(RECORDS FOR PROCESSING Opens)

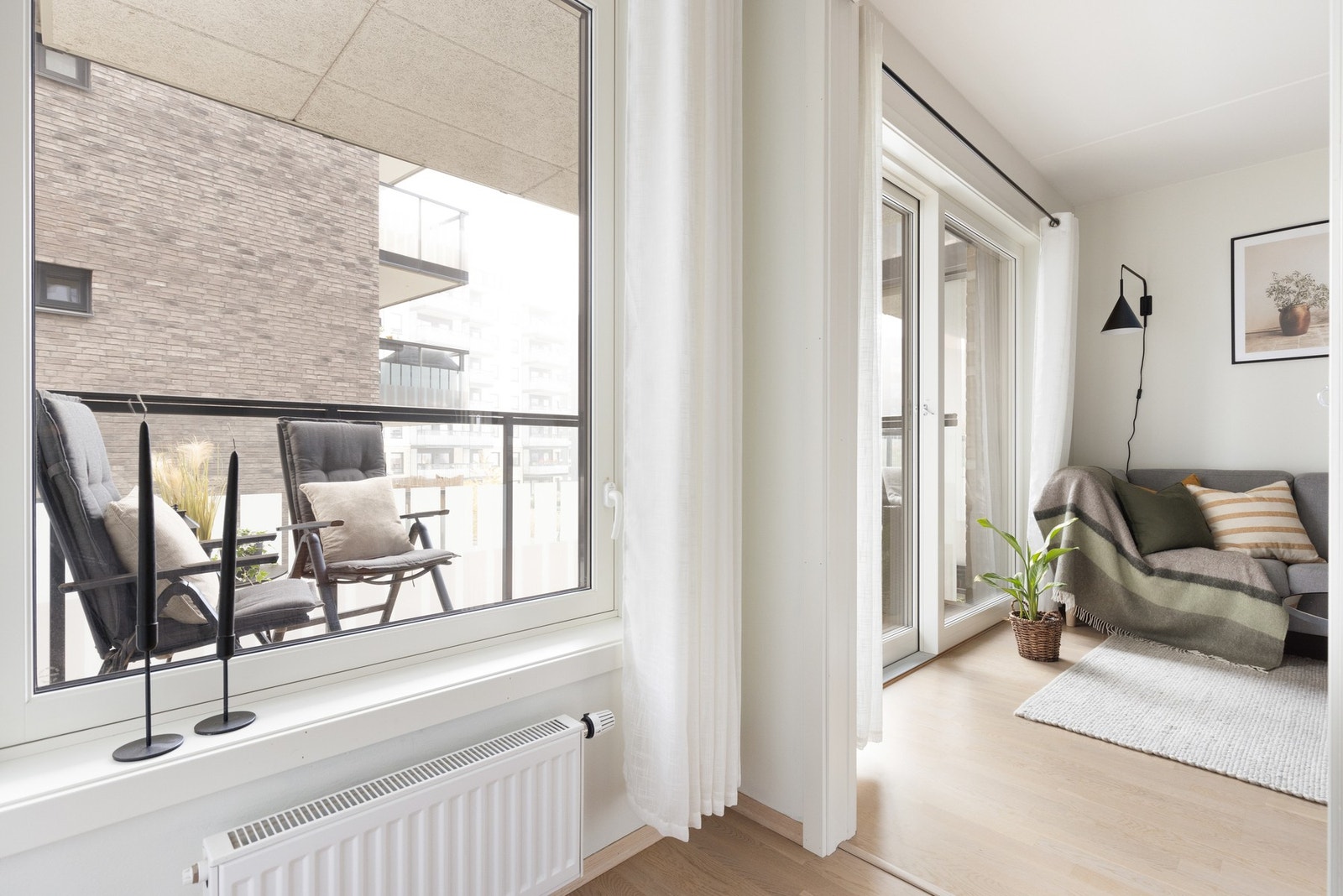 Det er store vindusflater på soverommet. Galleribilde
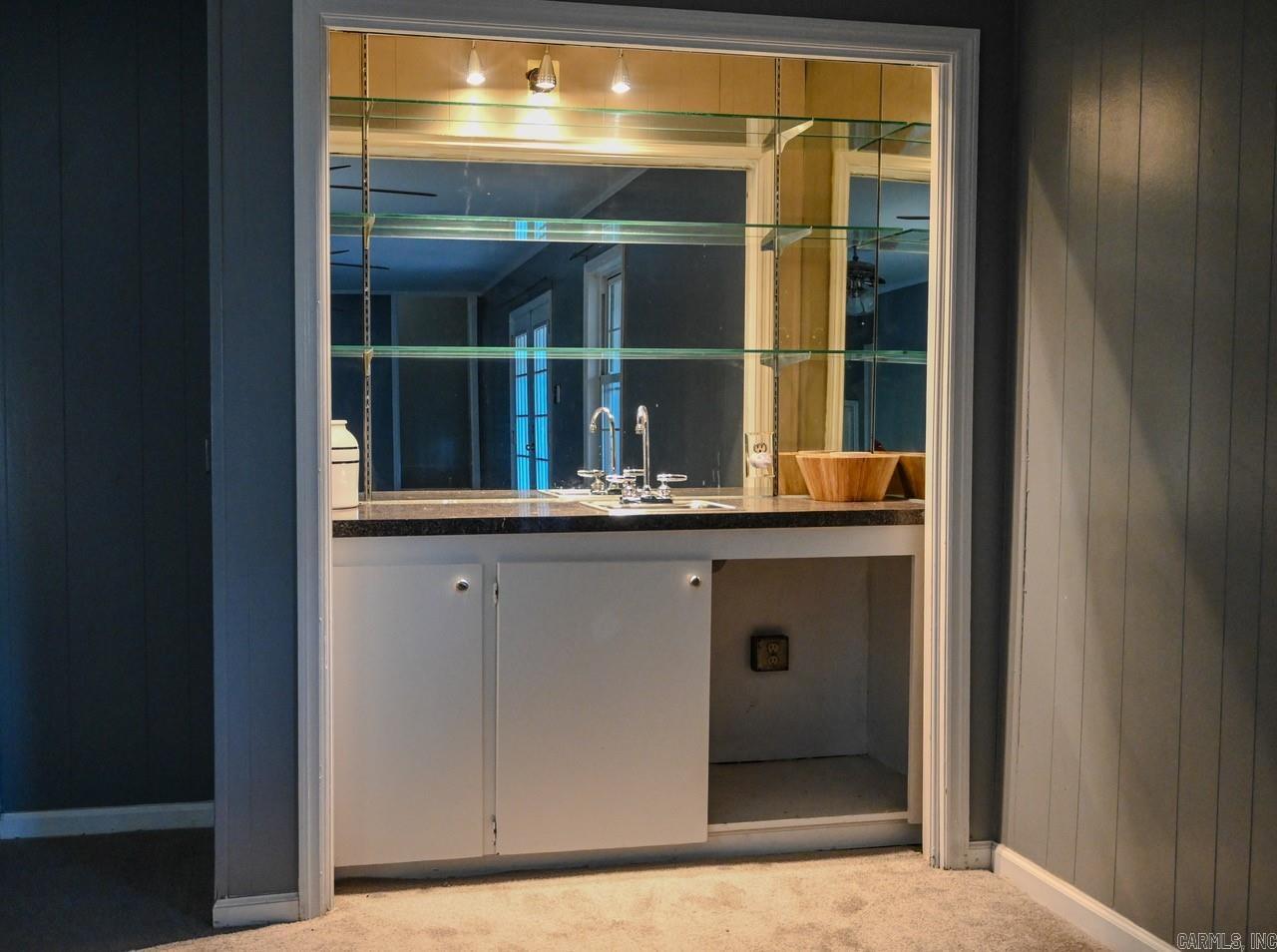 WALTON HEIGHTS - Residential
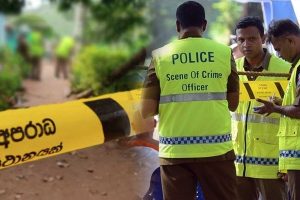 பிக்கு மற்றும் இரு பெண்களை நிர்வாணமாக்கி தாக்கிய விவகாரம் : எட்டு பேருக்கு விளக்கமறியல்!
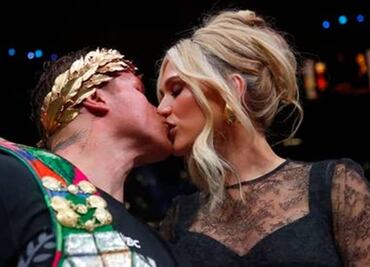 Esposa de ‘Canelo’ Álvarez deslumbra con belleza y glamour en bikini negro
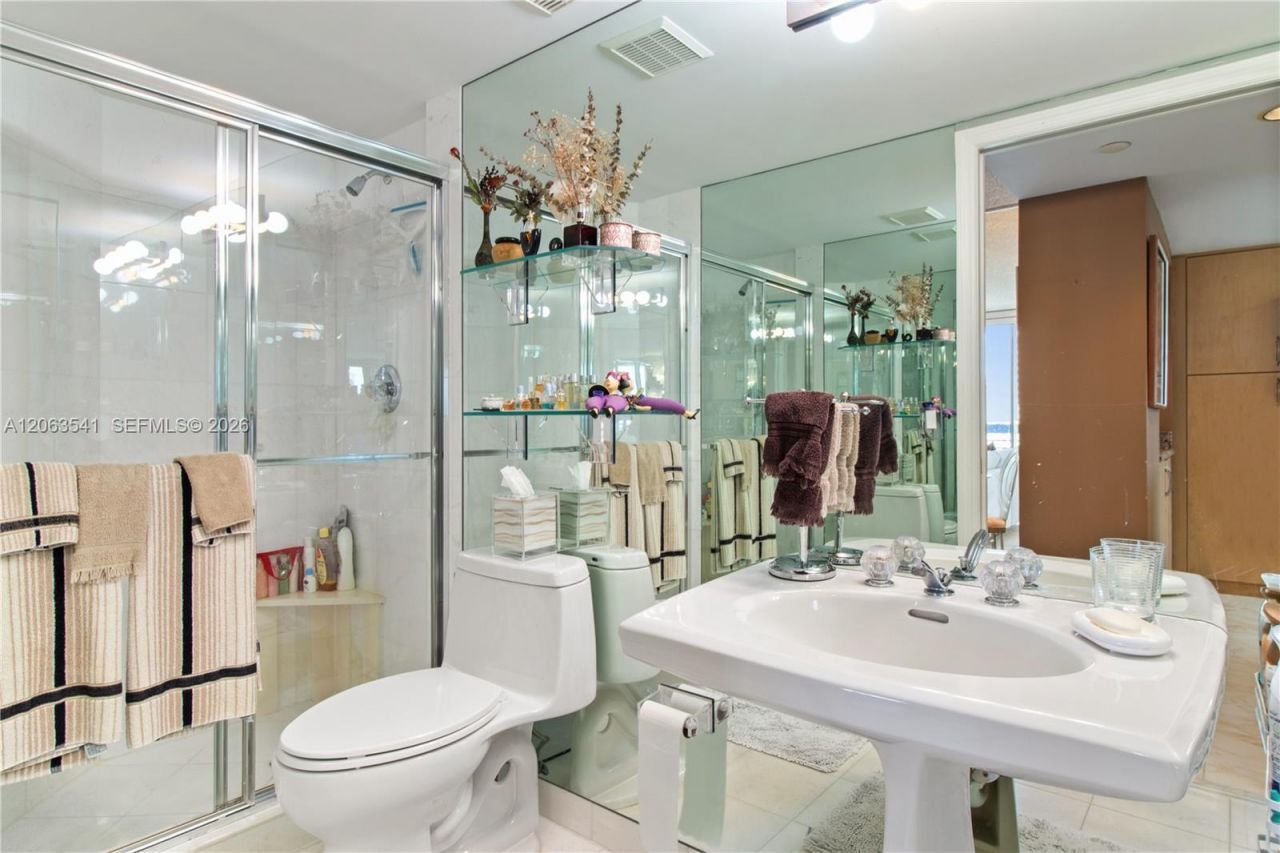 3500 Mystic Pointe Dr, Unit 2204, Aventura, FL 33180 Photo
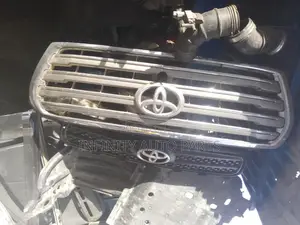 Ex Japan Land Cruiser 100 Series Grill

(RECORDS FOR PROCESSING Closes)

> [TO DO]: From the line containing "WALTON HEIGHTS - Residential" to the last line of the entries, copy every line exactly, including both ends, and leave out the pictures.

> [RESULT OF THIS TASK]:
 WALTON HEIGHTS - Residential
 பிக்கு மற்றும் இரு பெண்களை நிர்வாணமாக்கி தாக்கிய விவகாரம் : எட்டு பேருக்கு விளக்கமறியல்!
 Esposa de ‘Canelo’ Álvarez deslumbra con belleza y glamour en bikini negro
 3500 Mystic Pointe Dr, Unit 2204, Aventura, FL 33180 Photo
 Ex Japan Land Cruiser 100 Series Grill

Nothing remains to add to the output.